- _EXERCISE INPUTS_:
☆ ☆ ☆ ☆
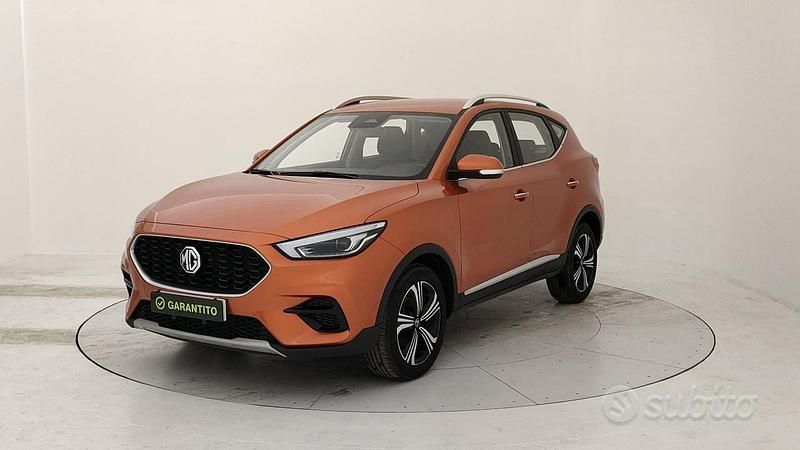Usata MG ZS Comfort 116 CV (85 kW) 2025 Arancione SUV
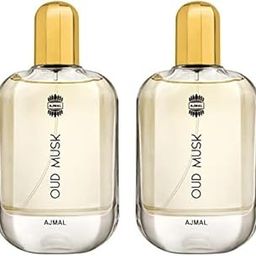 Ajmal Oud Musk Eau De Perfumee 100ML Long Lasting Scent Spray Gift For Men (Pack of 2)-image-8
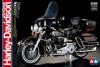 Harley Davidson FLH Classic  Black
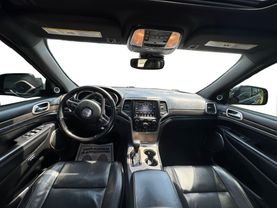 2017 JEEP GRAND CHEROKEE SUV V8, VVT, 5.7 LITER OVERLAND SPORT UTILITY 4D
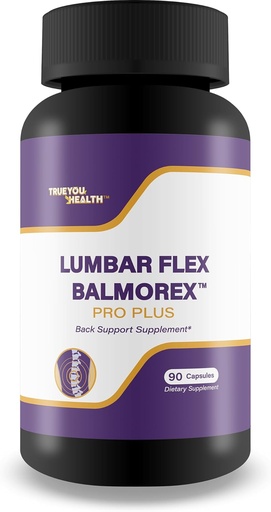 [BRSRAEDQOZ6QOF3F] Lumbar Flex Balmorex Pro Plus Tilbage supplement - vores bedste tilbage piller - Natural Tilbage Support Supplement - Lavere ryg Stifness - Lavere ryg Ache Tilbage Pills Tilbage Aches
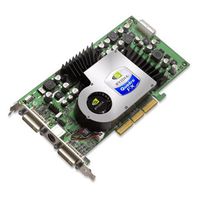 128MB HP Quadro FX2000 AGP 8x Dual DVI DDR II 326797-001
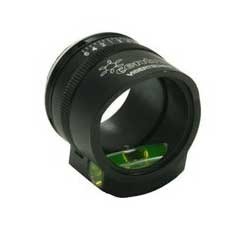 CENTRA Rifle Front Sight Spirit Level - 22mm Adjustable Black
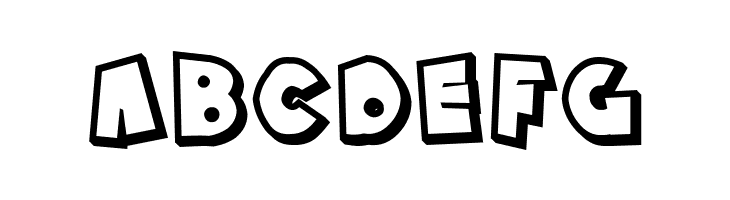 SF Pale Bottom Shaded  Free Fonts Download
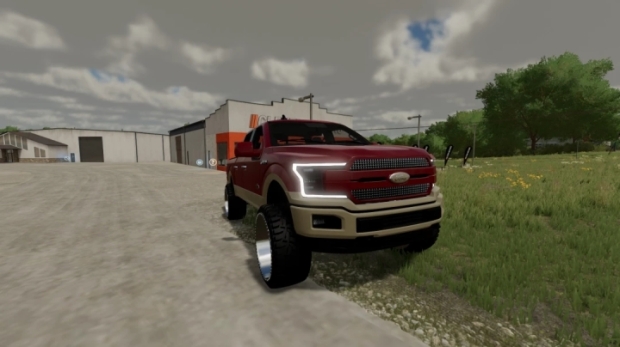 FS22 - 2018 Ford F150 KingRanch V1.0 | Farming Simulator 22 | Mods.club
☆ ☆ ☆ ☆
Set down, in exact form, only the lines that start at the one containing "CENTRA Rifle Front" and finish at the last line of the material; pictures do not go in.

- _WRITTEN SOLUTION_:
 CENTRA Rifle Front Sight Spirit Level - 22mm Adjustable Black
 SF Pale Bottom Shaded  Free Fonts Download
 FS22 - 2018 Ford F150 KingRanch V1.0 | Farming Simulator 22 | Mods.club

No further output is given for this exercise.